Nel blog di Education Marketing Italia spesso abbiamo parlato di quanto una visione strategia sia fondamentale per il successo di una scuola, a partire dal program assessment fino ad arrivare alla gestione del funnel delle iscrizioni.

L’intervento del prof. Donna si è focalizzato sulla disamina di una carenza competitiva degli atenei italiani derivante dall’incapacità di darsi una strategia di posizionamento sul mercato. Donna ritiene che questa incapacità sia prima di tutto culturale-organizzativa, dato che le università italiane non riescono a pensarsi come aziende a tutti gli effetti; sapersi pensare come azienda ha il vantaggio di comprendere cosa è necessario fare per restare sul mercato.

Oggi in Italia si sta iniziando ad affacciare un fenomeno che fino a qualche anno fa era sconosciuto nel nostro paese: i ragazzi di 5a superiore stanno iniziando a prendere in considerazione di andare a studiare all’estero. Questa è la conseguenza di quanto oggi non vi sia una visione aziendalista nel panorama accademico italiano (anzi, quest’ultima viene vista come deprecabile), rischiando così di scivolare in un paradigma legato ad un modello organizzativo autoreferenziale che vede il cambiamento come un rischio più che un’opportunità.

Tra citazioni di interessanti studi (tra tutti University of the future di Ernst & Young e Rethinking 101: A new agenda for university and higher education system leaders? di McKinsey, e matrici che indagano il posizionamento degli atenei il prof.
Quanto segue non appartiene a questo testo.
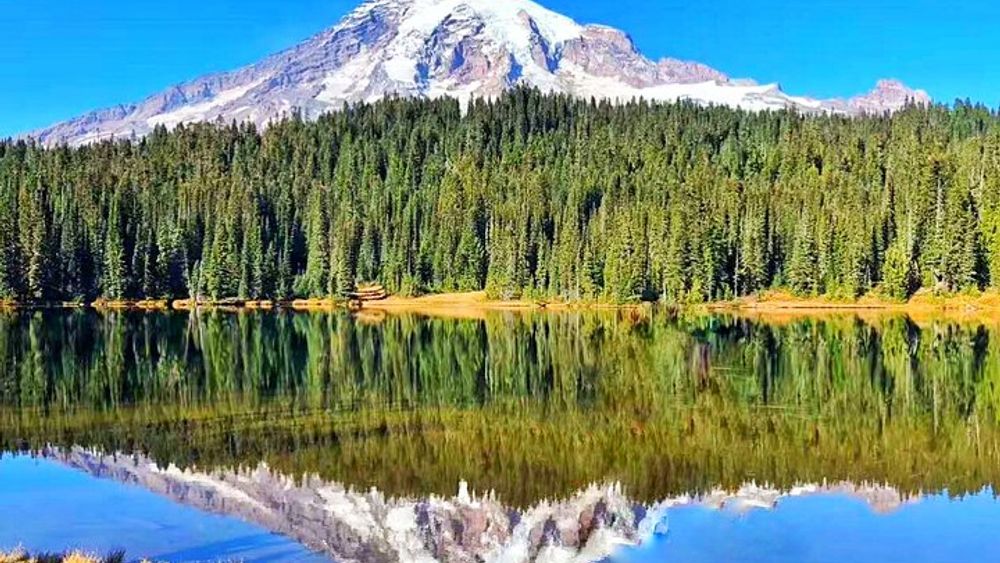 Mt. Rainer National Park Day Trip From Seattle With Snacks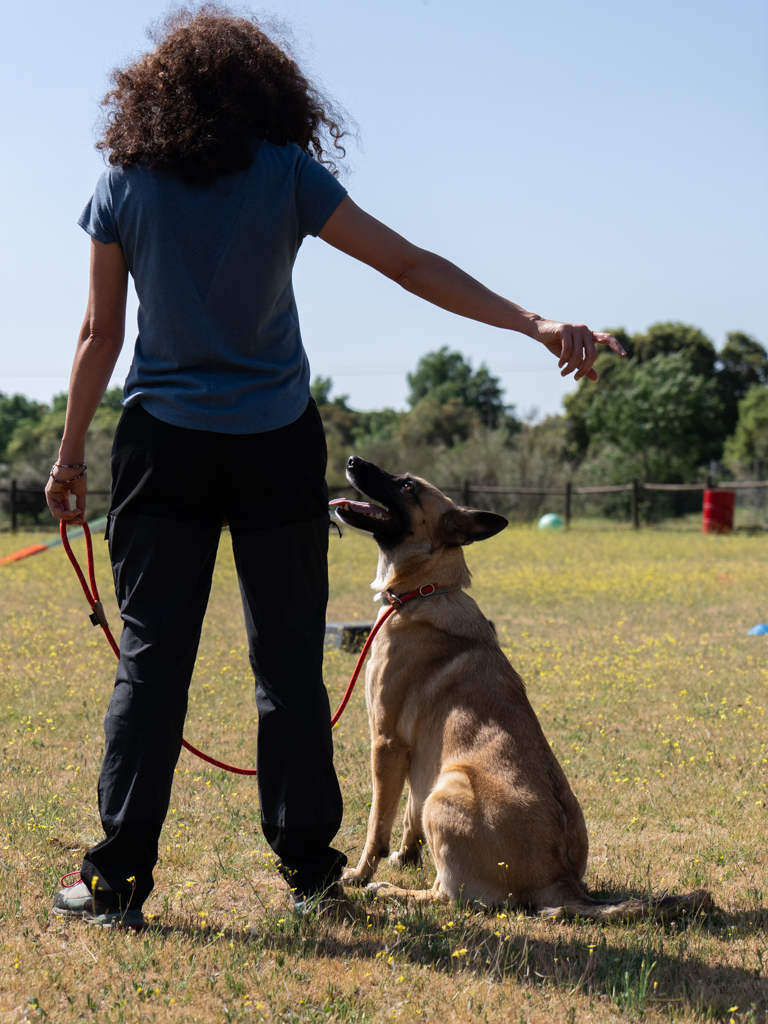 adiestramiento canino, educación perros, entrenamiento mascotas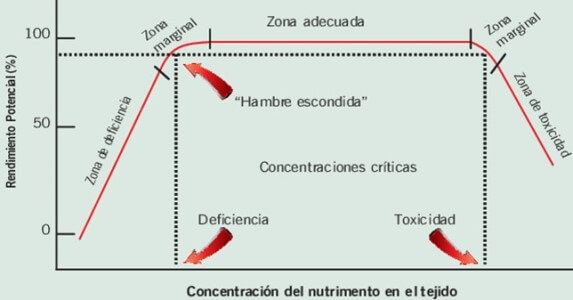 Rendimiento y concentración de nutrientes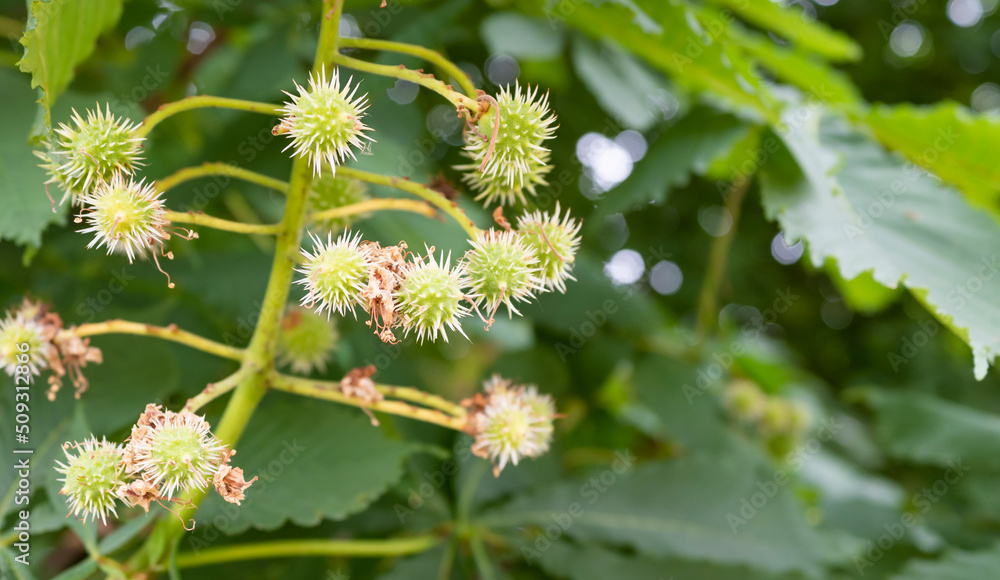 Jóvenes brotes espinosos de un castaño de indias, Aesculus hippocastanum Jóvenes brotes espinosos de un castaño de indias, Aesculus hippocastanum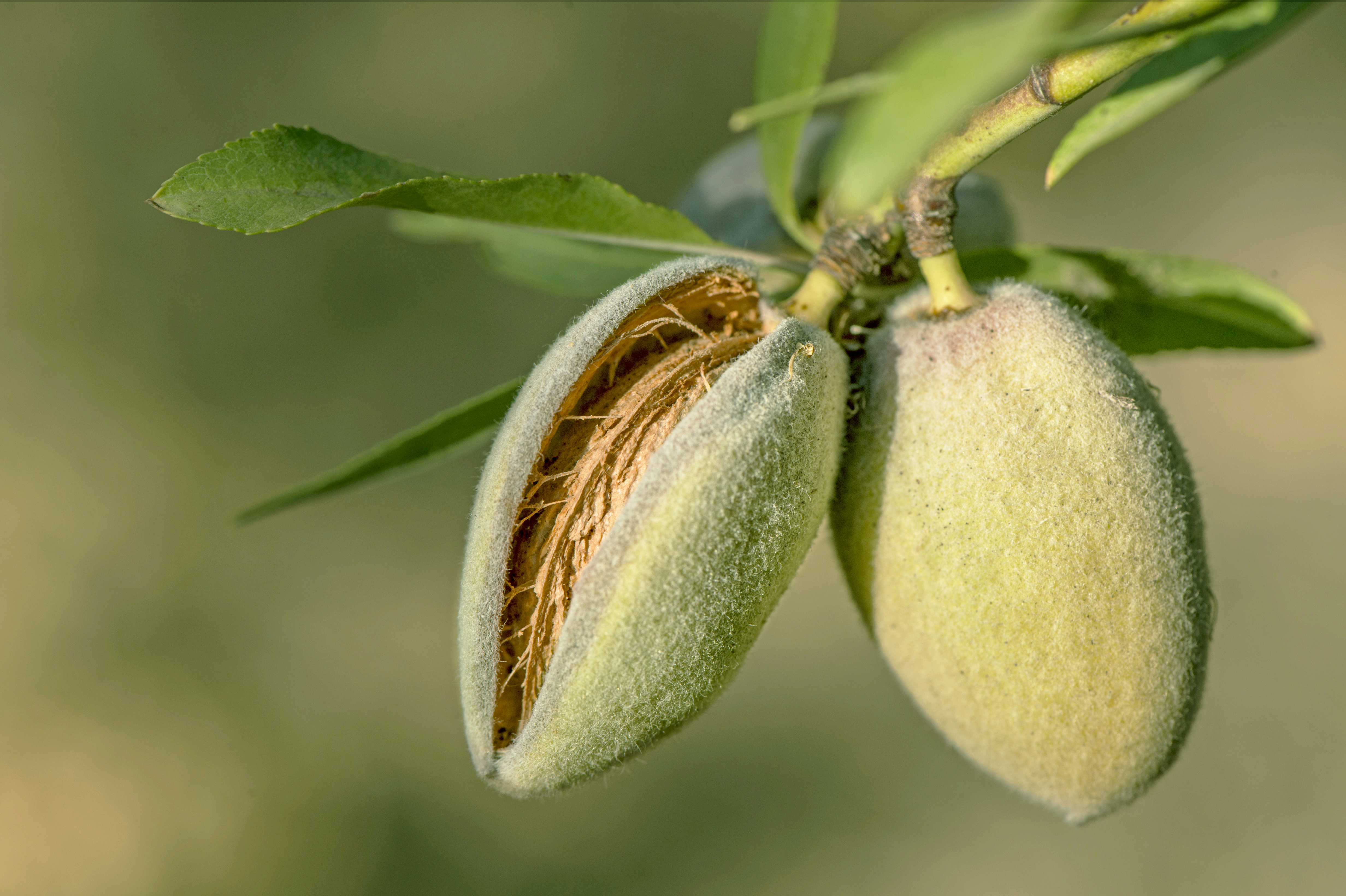 Превью изображения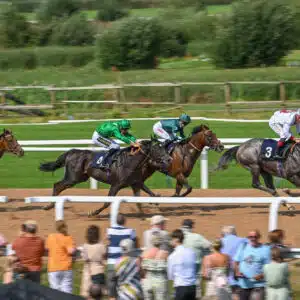 Southwell Racecourse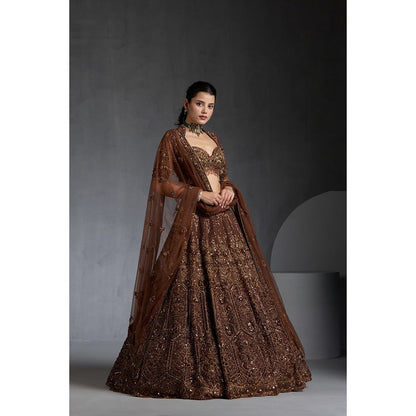 CHAASHNI BY MAANSI & KETAN Brown Embellished Lehenga with Choli and Dupatta (Set of 3)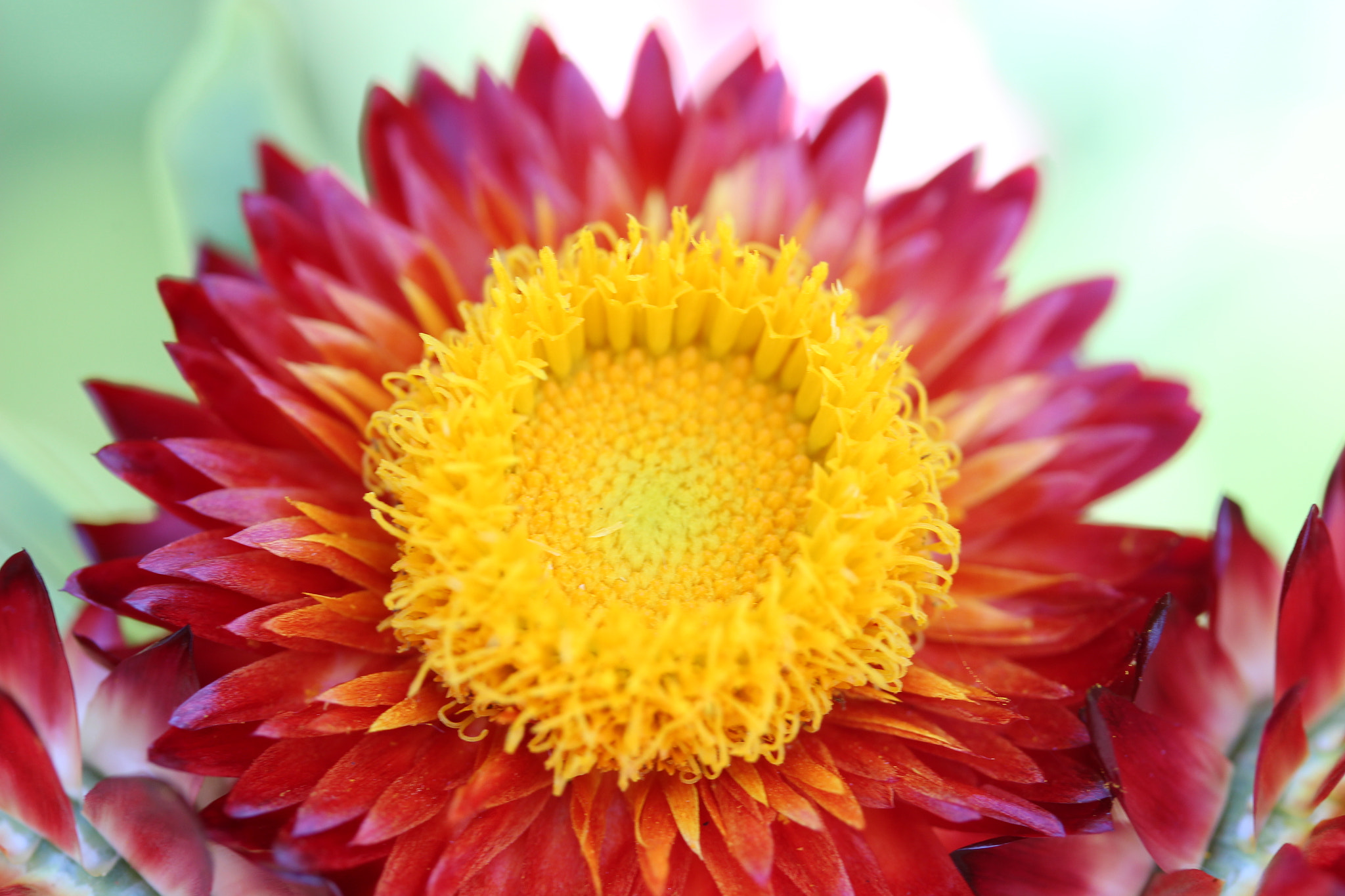 Canon EF-S 60mm F2.8 Macro USM sample photo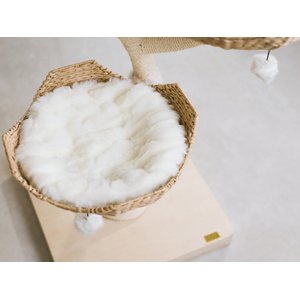 Mau Ivy 3, 53-in Modern Cat Tree, Natural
Donna ha posto una serie di domande aperte a cui gli atenei italiani devono rispondere per riuscire a sviluppare una visione strategica che li porti a posizionarsi al meglio sul mercato. Il concetto di posizionamento infatti è stato il fulcro del suo intervento poiché indispensabile per la creazione di un sistema universitario composto da atenei differenziati e, quindi, competitivi.

Ci ha fatto molto piacere vedere il prof. Donna offrire spunti di questo tipo ai responsabili della comunicazione degli atenei italiani presenti in sala. Il suo intervento si è incentrato completamente nel sollecitare le università a concentrarsi su aspetti tipici del marketing (posizionamento, strategia, identità, sono tutti concetti usati nell’education marketing che sono stati toccati più volte in mattinata).

Quanto questi temi verranno fatti propri dagli atenei? E quanto invece le università italiane proseguiranno nel loro lento declino competitivo?

Solo il tempo ci dirà se il countdown per le università continuerà. Noi ci auguriamo di no e speriamo che approcci strategici di education marketing vengano sempre più utilizzati.